Goal of the exercise =
Set down every line of the data exactly, skipping the pictures.

Exercise data =

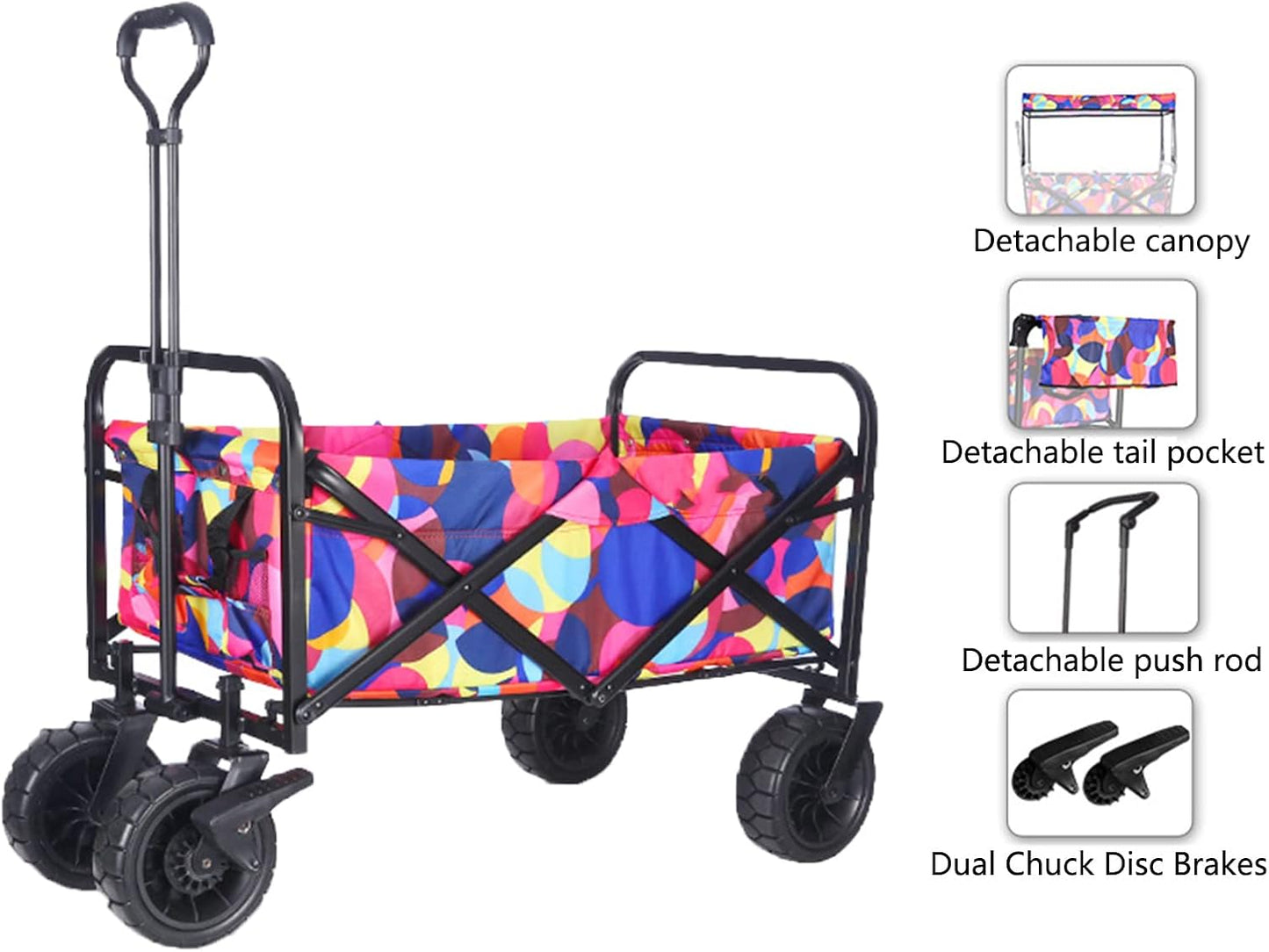 Collapsible Folding Garden Cart with Canopy - Portable Utility Wagon for Beach, Camping, Sports & Groceries, Off-Road Wheels, 220lbs Capacity, Pink Outdoor Trailer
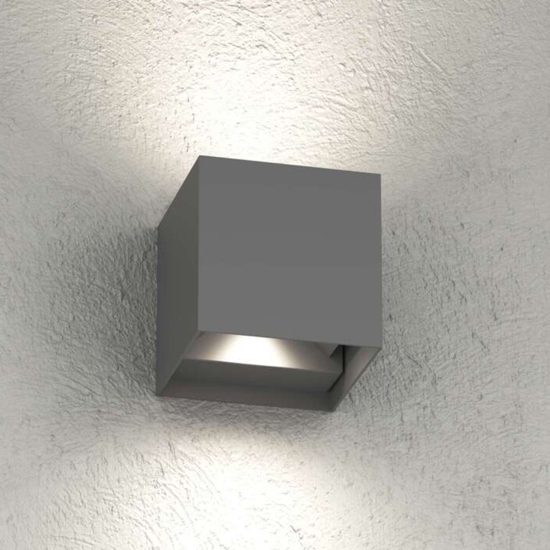 Top light perth applique cubo da esterno antracite led cct biemissione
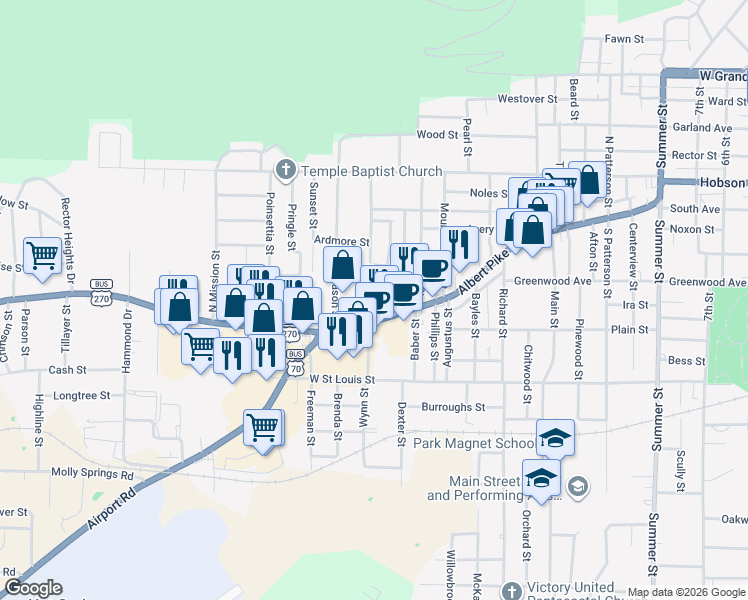 map of restaurants, bars, coffee shops, grocery stores, and more near 160 Cooper Street in Hot Springs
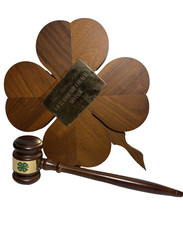 Vintage 4-H Wood Gavel & Leadership Council Plaque Personalized Lot picture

Answer area =
 Collapsible Folding Garden Cart with Canopy - Portable Utility Wagon for Beach, Camping, Sports & Groceries, Off-Road Wheels, 220lbs Capacity, Pink Outdoor Trailer
 Top light perth applique cubo da esterno antracite led cct biemissione
 map of restaurants, bars, coffee shops, grocery stores, and more near 160 Cooper Street in Hot Springs
 Vintage 4-H Wood Gavel & Leadership Council Plaque Personalized Lot picture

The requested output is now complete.